So far I wrote proofs by contradiction in the following style in Isabelle (using a pattern by Jeremy Siek):
lemma "<expression>"
proof -
{
assume "¬ <expression>"
then have False sorry
}
then show ?thesis by blast
qed
Is there a way that works without the nested raw proof block { ... }?
There is the rule ccontr for classical proofs by contradiction:
have "<expression>"
proof (rule ccontr)
assume "¬ <expression>"
then show False sorry
qed
It may sometimes help to use by contradiction to prove the last step.
There is also the rule classical (which looks less intuitive):
have "<expression>"
proof (rule classical)
assume "¬ <expression>"
then show "<expression>" sorry
qed
For further examples using classical, see $ISABELLE_HOME/src/HOL/Isar_Examples/Drinker.thy
For better understanding of rule classical it can be printed in structured Isar style like this:
print_statement classical
Output:
theorem classical:
obtains "¬ thesis"
Thus the pure evil to intuitionists appears a bit more intuitive: in order to prove some arbitrary thesis, we may assume that its negation holds.
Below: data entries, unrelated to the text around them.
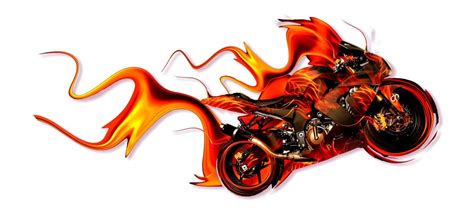 DivineDesigns™ Flames Fire Bike Wall Sticker | Wall Sticker for Living ...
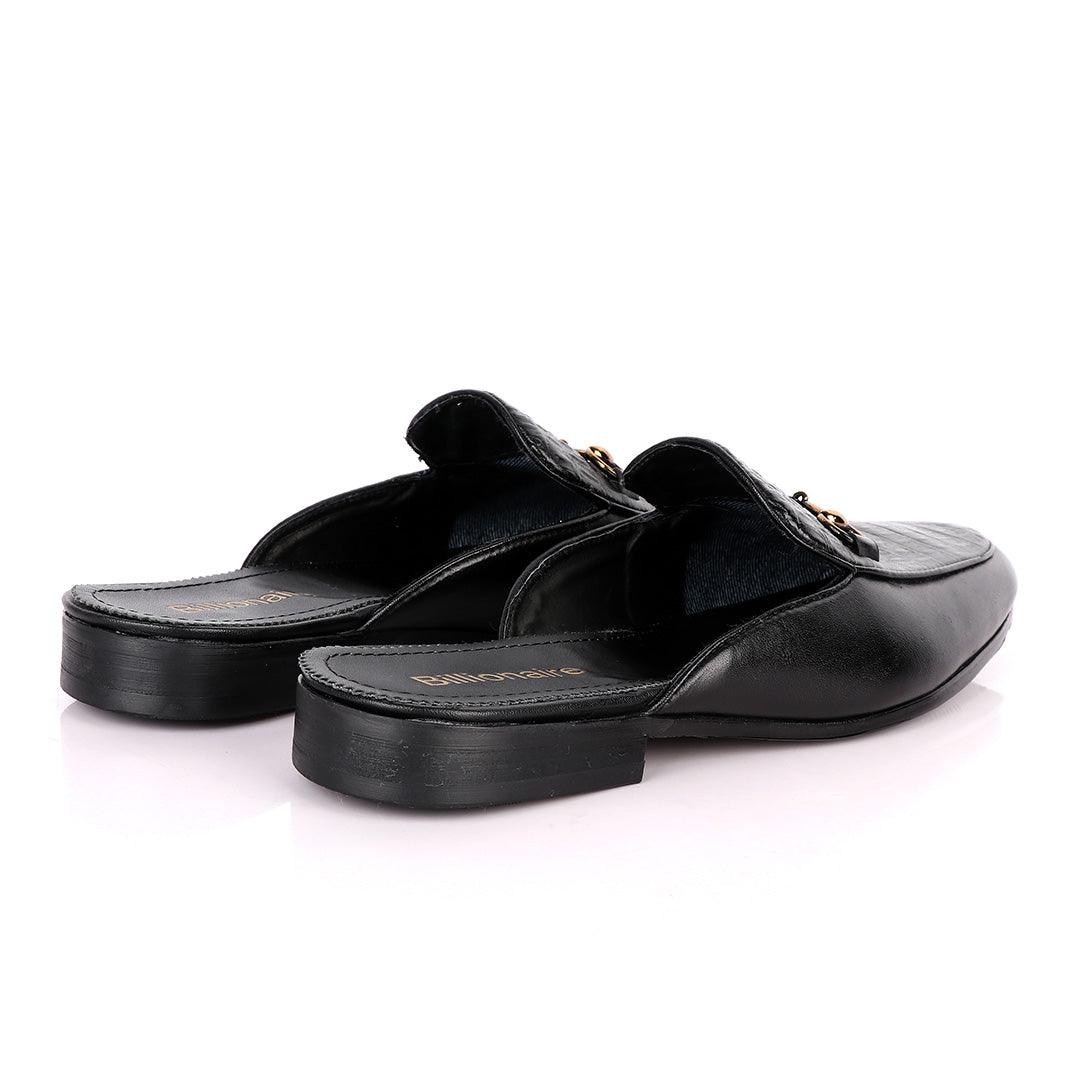 Billionaire Exquisite Chain Head Black Mole Leather Shoe - Obeezi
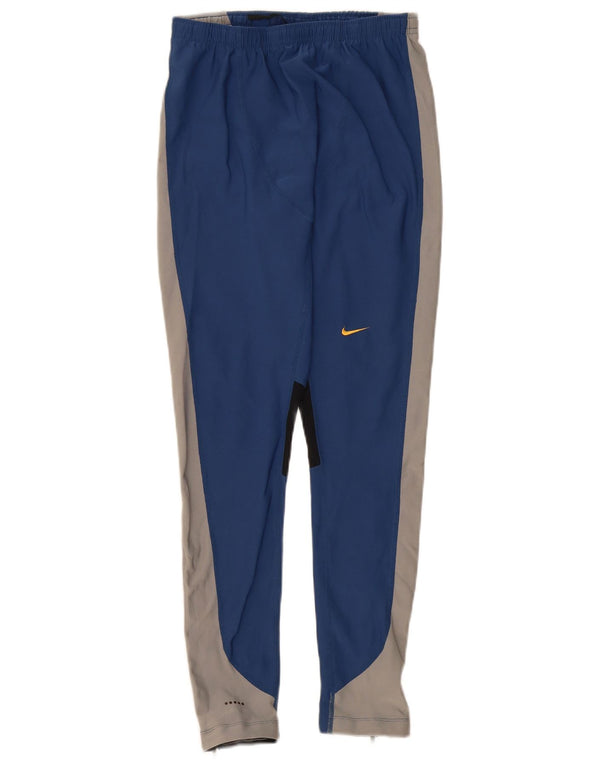 Damskie spodnie dresowe Nike UK 14, duże, niebieskie, poliestrowe bloki kolorów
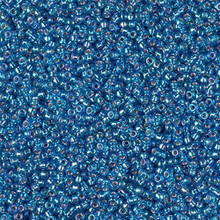 Japanese Miyuki Seed Beads, size 15/0, SKU 189015.MY15-1025, silverlined capri blue AB,  (1 12-13gram tube - apprx 3500 beads)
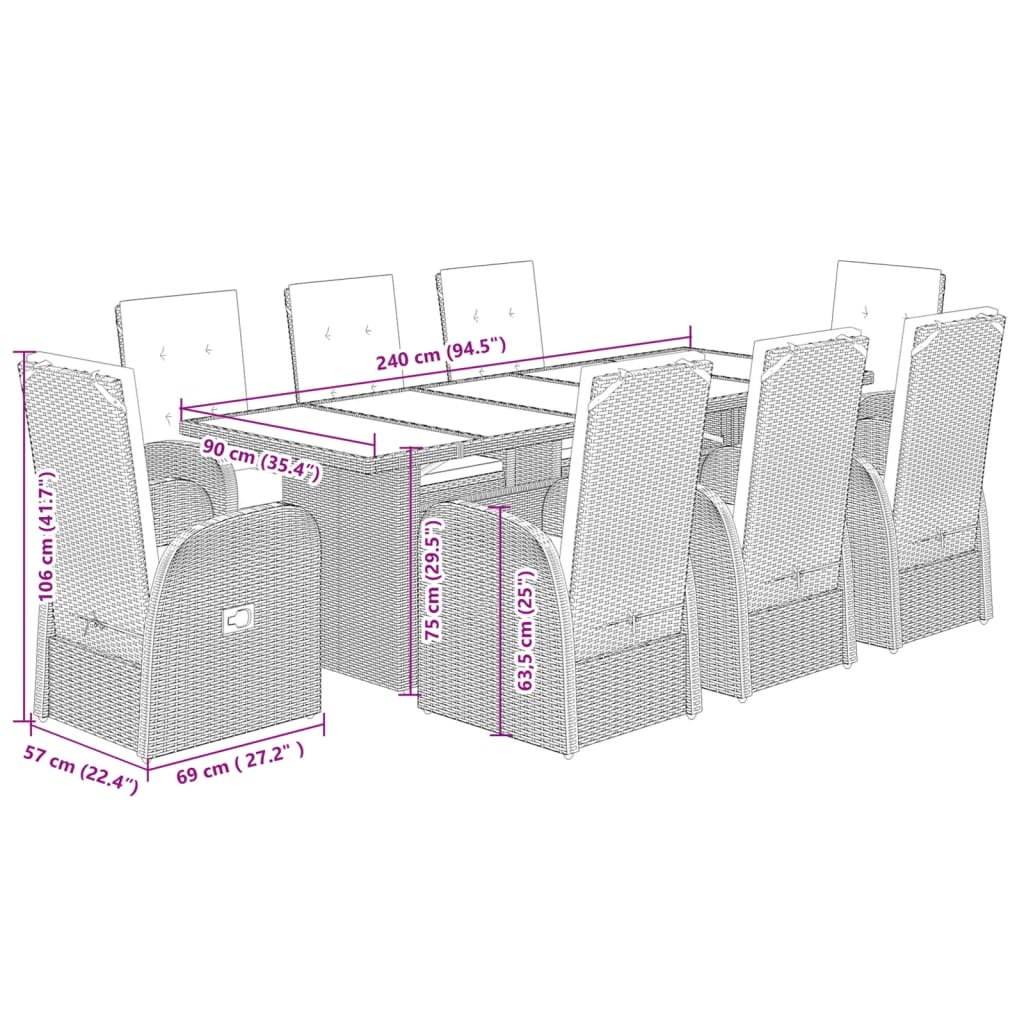 9-delige Tuinset met kussens poly rattan grijs is nu te koop bij PeponiXL, paradijselijk wonen!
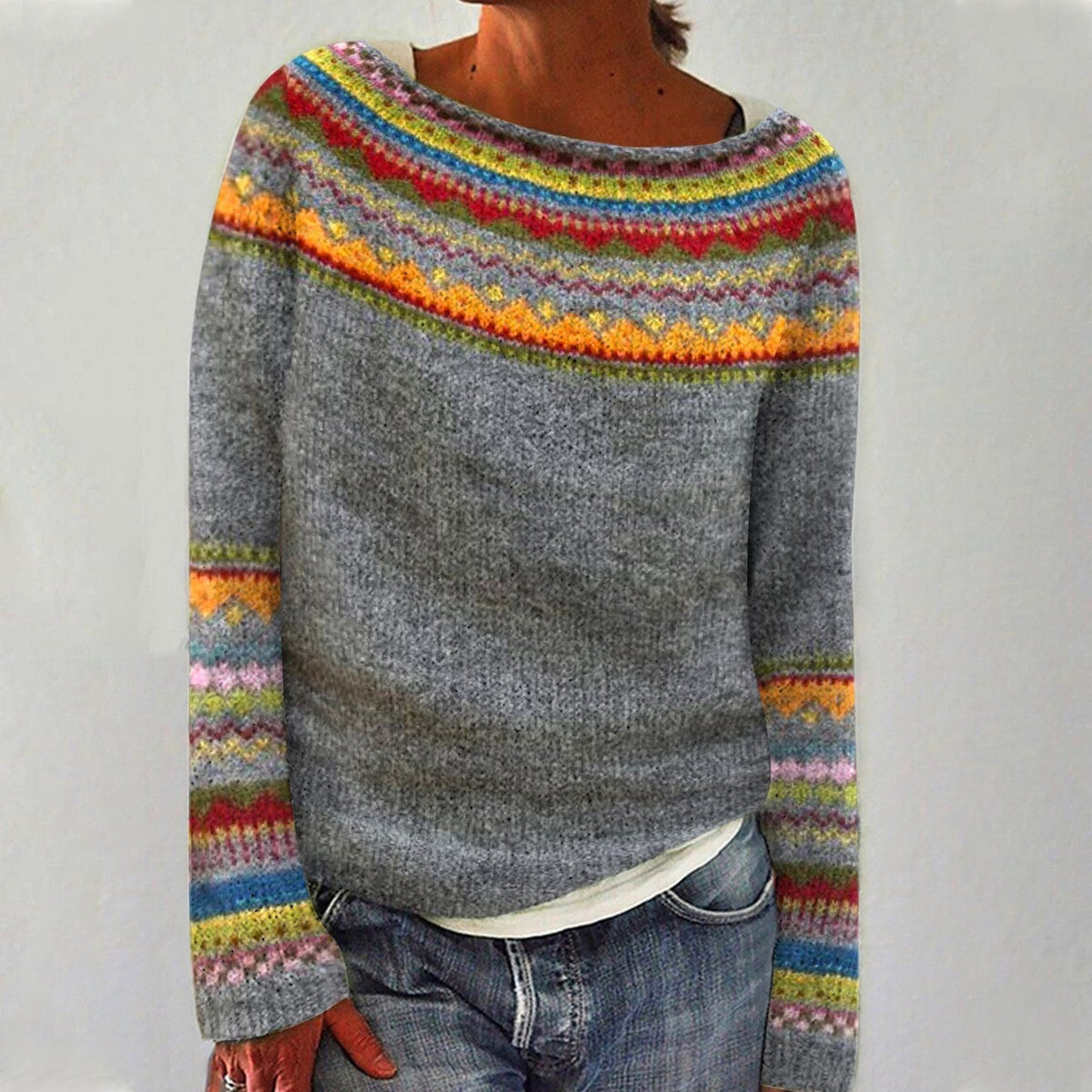 Vintage trui | Dames Strickpullover met Retro Design en Modern Comfort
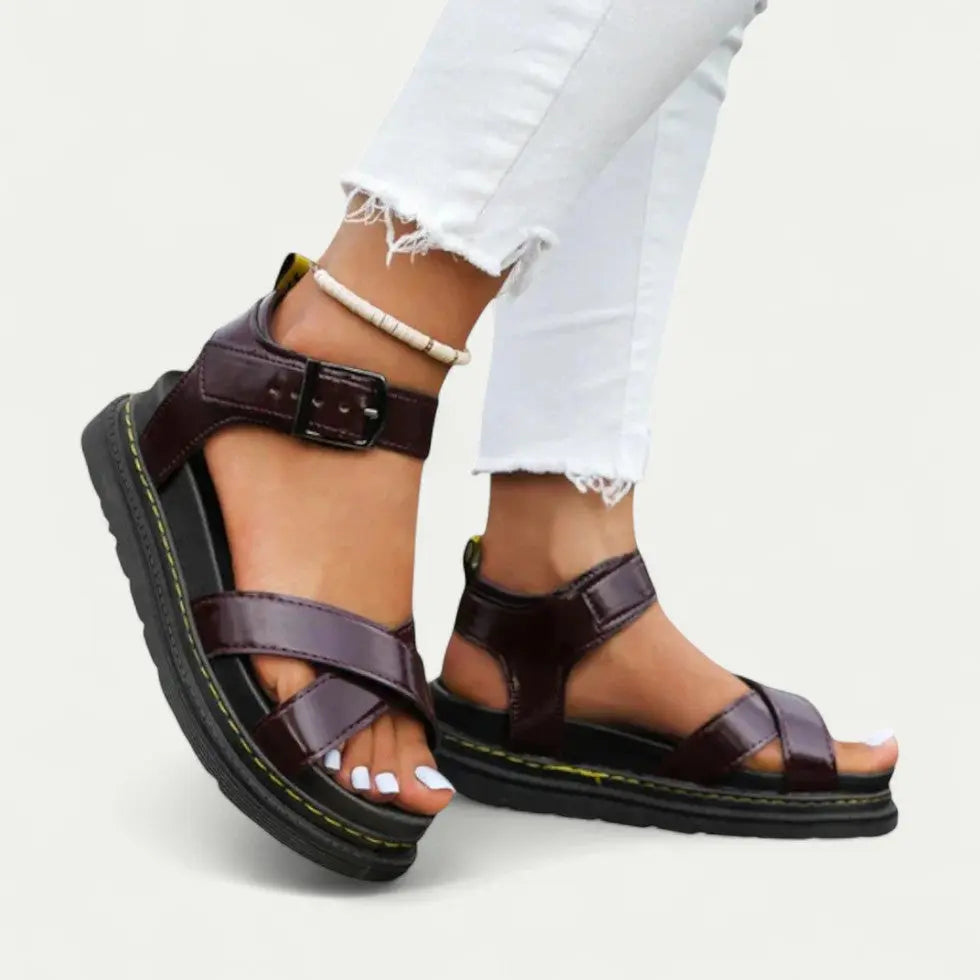 Women's beige ergonomic buckle strap sandals with comfort support, casual open-toe style for everyday comfort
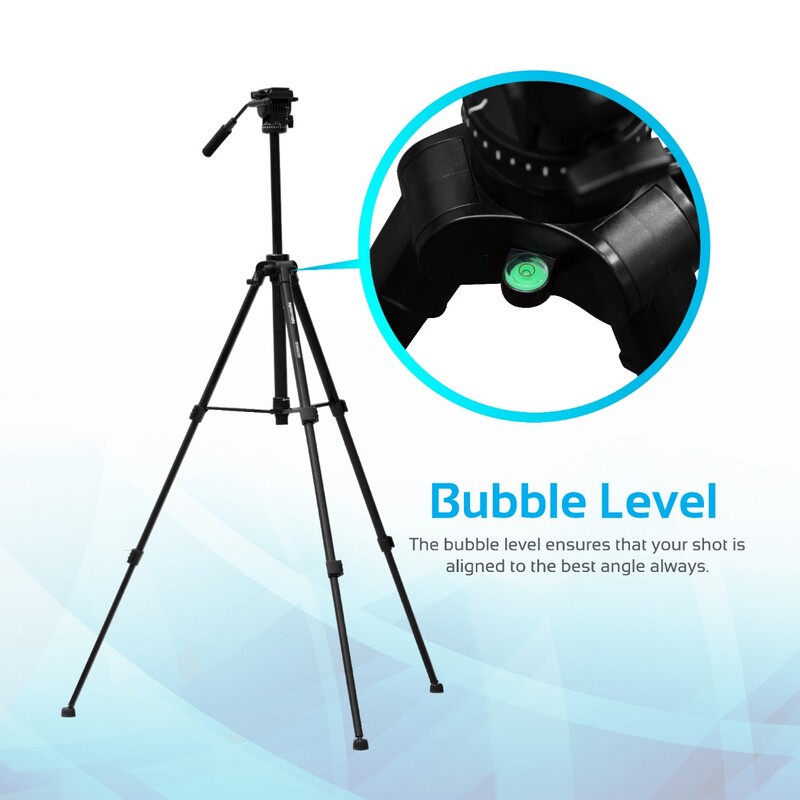 Promate Precise-170 Professional Aluminum 170cm Camera Tripod for Canon/Nikon/DSLR/Video Camcorder, 3 Way Pan Head, Quick Release Plate, 5KG Load Capacity, Bubble Level, Black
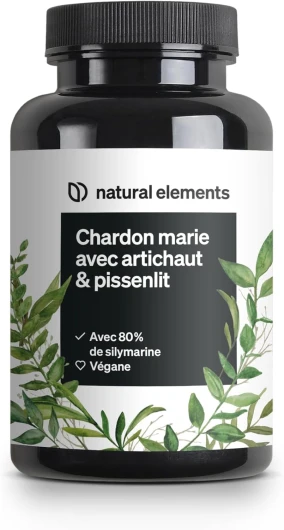 Complexe chardon Marie, pissenlit et artichaut – 120 gélules (4 mois) – fortement dosé avec 80% de silymarine – sans stéarate de magnésium, vegan
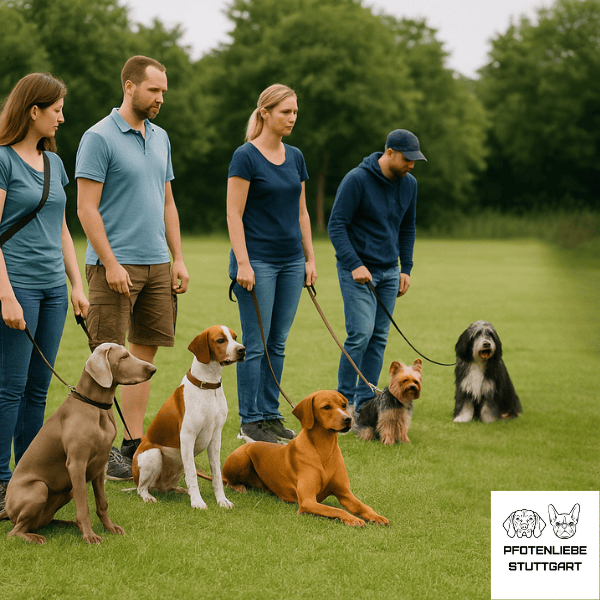 Fortgeschrittene Hunde warten bei ihren Haltern Stuttgart Hundeschule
The corresponding canonical proof pattern is this:
notepad
begin
have A
proof (rule classical)
assume "¬ ?thesis"
then show ?thesis sorry
qed
end
Here ?thesis is the concrete thesis of the above claim of A, which may be an arbitrarily complex statement. This quasi abstraction via the abbreviation ?thesis is typical for idiomatic Isar, to emphasize the structure of reasoning.